Sebesar 30 persen emisi gas rumah kaca global berasal dari sektor pertanian dan produksi makanan. Maka produk makanan yang bahan bakunya dihasilkan tak jauh dari rumah, akan menurunkan emisi pula. Jejak karbon adalah jumlah emisi gas rumah kaca yang dilepaskan oleh pribadi atau kelompok saat melakukan kegiatannya dalam rentang waktu tertentu.
"Ini terkait pengangkutan makanan tersebut sampai tempatnya disantap. Dengan berkurangnya jarak tempuh makanan, berkurang juga kebutuhan pendinginan untuk mencegah pembusukan," ungkap Amanda Katili Niode, Koordinator Divisi Komunikasi, Informasi, Edukasi DNPI (Dewan Nasional Perubahan Iklim) di dalam forum diskusi antara sejumlah instansi pemangku kepentingan dan organisasi yang diadakan di Jakarta, Selasa (21/5).
Sebagai narasumber diskusi, Arie Parikesit, pegiat kuliner sekaligus merupakan pendiri Kelanarasa Culinary Solutions--perusahaan yang bergerak dengan visi mencintai kuliner lokal, menuturkan kekayaan pangan lokal nusantara dari pengalamannya.
Menurut Arie, begitu kaya bahan pangan lokal kita yang dapat dimanfaatkan dan dibawa mendunia. Ia juga mengangkat studi kasus pemberdayaan bahan pangan lokal yang diterapkan di negara Jepang dan Thailand.
"Dimulai dari Provinsi Oita, Jepang selama 20 tahun terakhir melalui program One Village One Product (OVOP), mencari satu produk unggulan yang merefleksikan karakteristik daerahnya, dan sekaligus mengurangi ketergantungan pada pemerintah. Kini sudah ada kira-kira 300 OVOP," Arie menerangkan.
Pemberdayaan makanan lokal ini, lanjutnya, juga memerlukan salah satunya unsur kreativitas. Di komunitas pedesaan Oita, jeruk limau diolah menjadi liquor (minuman) yang disebut kabosu.

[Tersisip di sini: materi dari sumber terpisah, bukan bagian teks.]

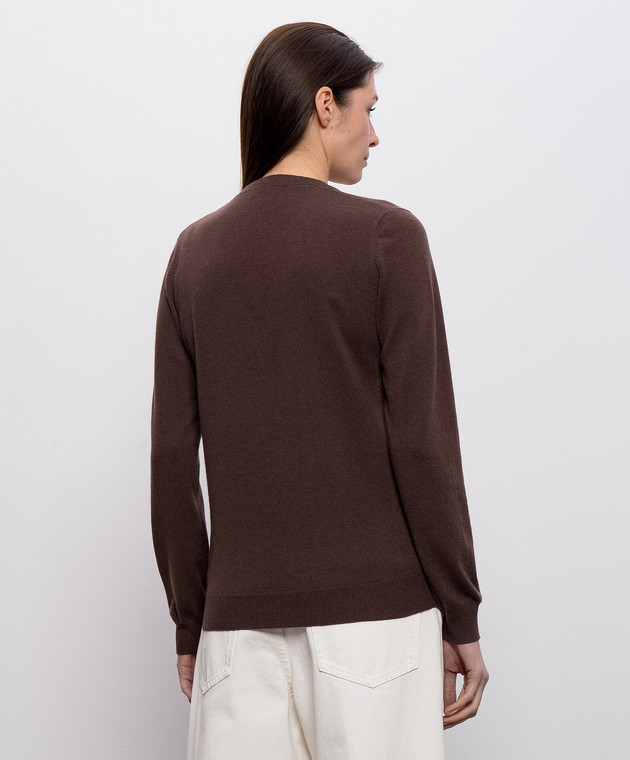 Brunello Cucinelli Коричневий пуловер з кашеміру M12244402P зображення 4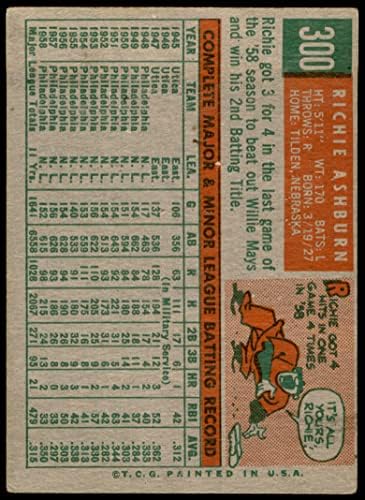 1959 Topps 300 Ричи Эшберн Филаделфия Филис (Бейзболна картичка) VG Phillies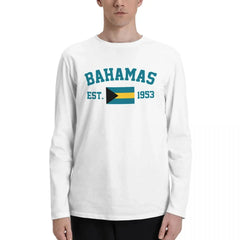 100% Cotton Bahamas Flag With EST. Year Long Sleeve Autumn T shirts Men Women Unisex Clothing LS T-Shirt Tops Tees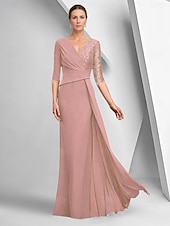 preiswerte Bodenlänge-A-Linien-Kleid, elegantes Kleid für die Brautmutter, U-Boot-Ausschnitt, knöchellang, Stretch-Stoff, halbe Ärmel, mit Spitzenlage, einfarbig, 2025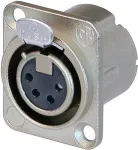Neutrik NC4FD-LX 4 kontaktų XLR ki&scaron;tukas, sidabrinis, 26-31 mm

OVOP dianggap sukses kemudian diadopsi oleh Thailand di bawah pemerintahan Thaksin Shinawatra, dengan nama OTOP atau One Tambon (berarti subdistrik atau kecamatan) One Product, yang bertujuan mendukung pelestarian produk lokal. Strateginya, toko-toko OTOP ditempatkan di setiap kota dan area wisata.

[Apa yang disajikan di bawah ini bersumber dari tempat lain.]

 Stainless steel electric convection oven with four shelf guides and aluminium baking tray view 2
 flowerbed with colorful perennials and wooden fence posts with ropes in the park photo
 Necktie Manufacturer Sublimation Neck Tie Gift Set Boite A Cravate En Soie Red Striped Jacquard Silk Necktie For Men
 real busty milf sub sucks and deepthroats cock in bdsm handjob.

"Saya rasa, program ini juga bisa diadopsi untuk [negara] kita. Di tiap-tiap kabupaten, misalnya. Mungkin sekarang sudah digalakkan di beberapa daerah oleh pemda setempat, tapi sebaiknya menjadi sebuah standar nasional," imbuh Arie.

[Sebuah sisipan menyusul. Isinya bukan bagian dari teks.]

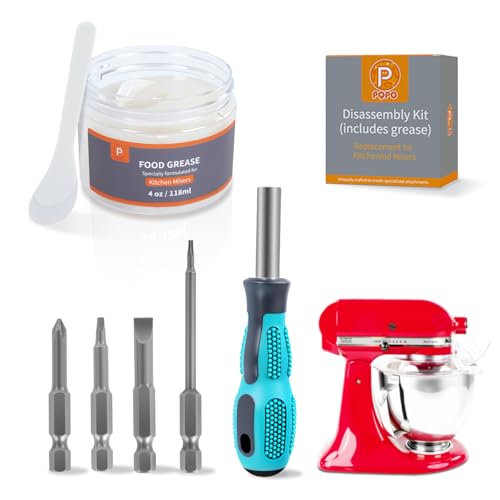 Fett-Set, kompatibel mit KitchenAid-Standmixer, inklusive 118 ml Fett in Lebensmittelqualität, 4-in-1-Schraubendreher, kleiner Spatel von PQPO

Faktanya di Indonesia saat ini terdapat bahan makanan yang secara kuantitatif dan kualitatif tidak memadai untuk suatu daerah, lalu perlu didatangkan dari tempat lain yang berjarak jauh, bahkan yang perlu diimpor.
Padahal dengan memahami sumber daya yang digunakan untuk produksi makanan pun akan berpengaruh terhadap perubahan iklim, perilaku konsumen dapat diubah sehingga memilih makanan yang lebih ramah lingkungan, kembali ke makanan lokal.